Problem requirements: Your copy should hold only the lines from the one holding "Puravankara Sarjapur Road" through the last line of the records below, both included, each exact and with no pictures.

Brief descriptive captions
▬▬▬▬▬▬
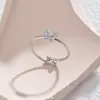 Anel Aberto Borboleta Cravejado de Diamantes Transfronteiriço, Anel de Aço Titânio de Luxo de Alta Qualidade, Joia Fashion, Envio Direto de Uma Peça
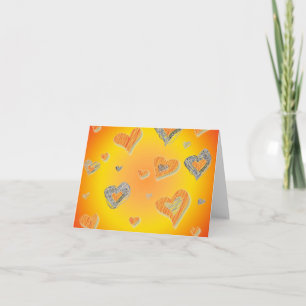 Carte de note Coeurs chauds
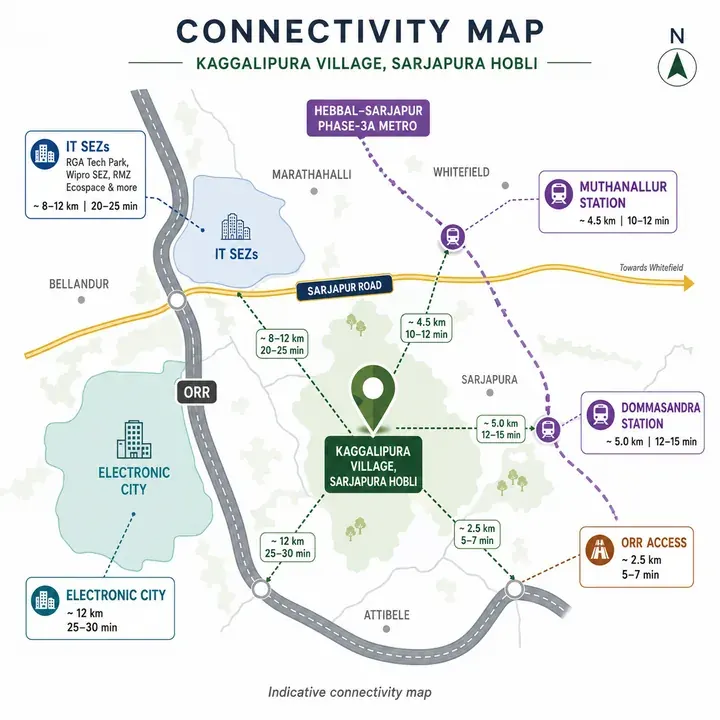 Puravankara Sarjapur Road location map showing nearby landmarks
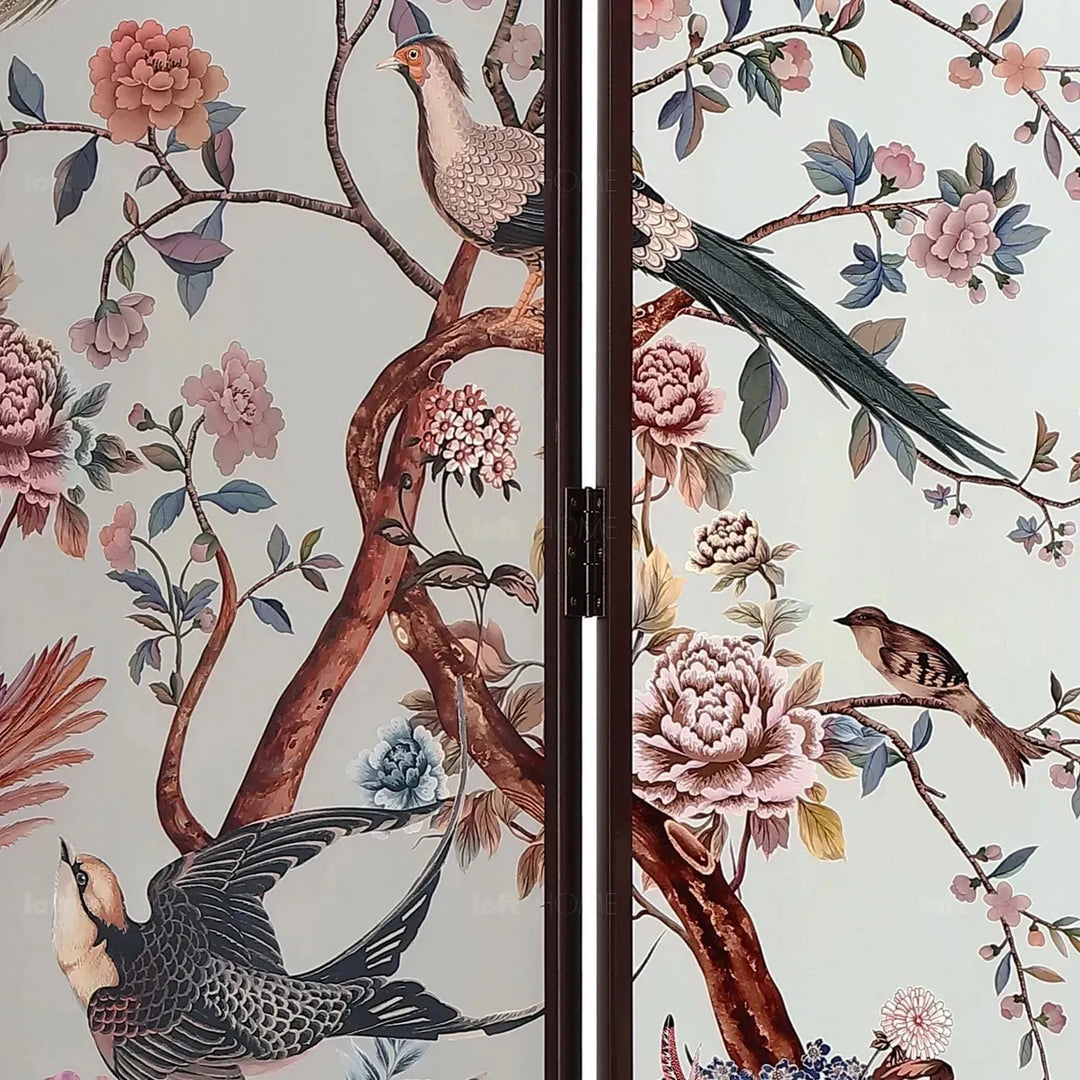 Eclectic wood divider noblenest in close up details.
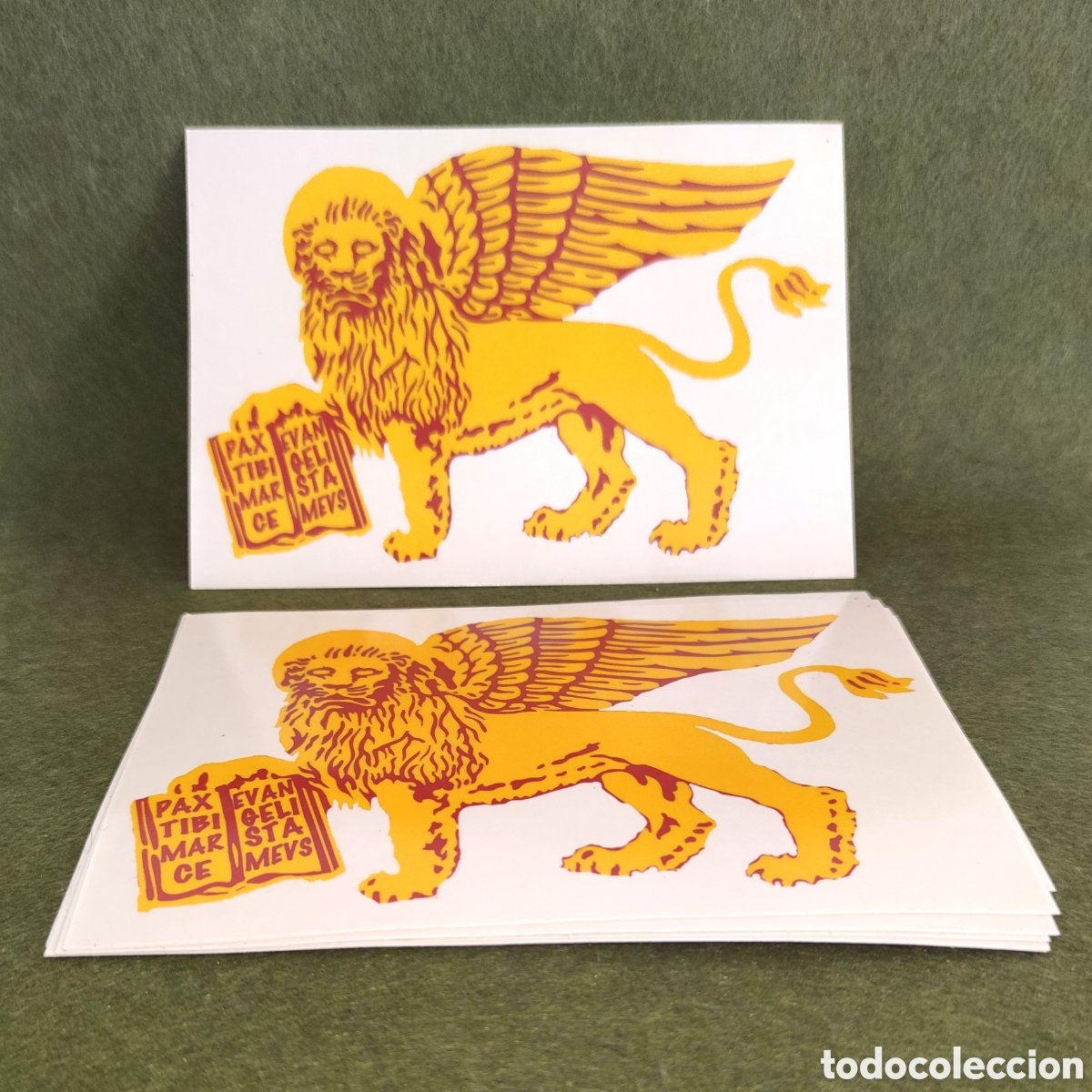 Coleccionismo: Lote 8 pegatinas Le&oacute;n San Marcos con evangelio Venecia transparente 21x14,7 cm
▬▬▬▬▬▬
Task response:
 Puravankara Sarjapur Road location map showing nearby landmarks
 Eclectic wood divider noblenest in close up details.
 Coleccionismo: Lote 8 pegatinas Le&oacute;n San Marcos con evangelio Venecia transparente 21x14,7 cm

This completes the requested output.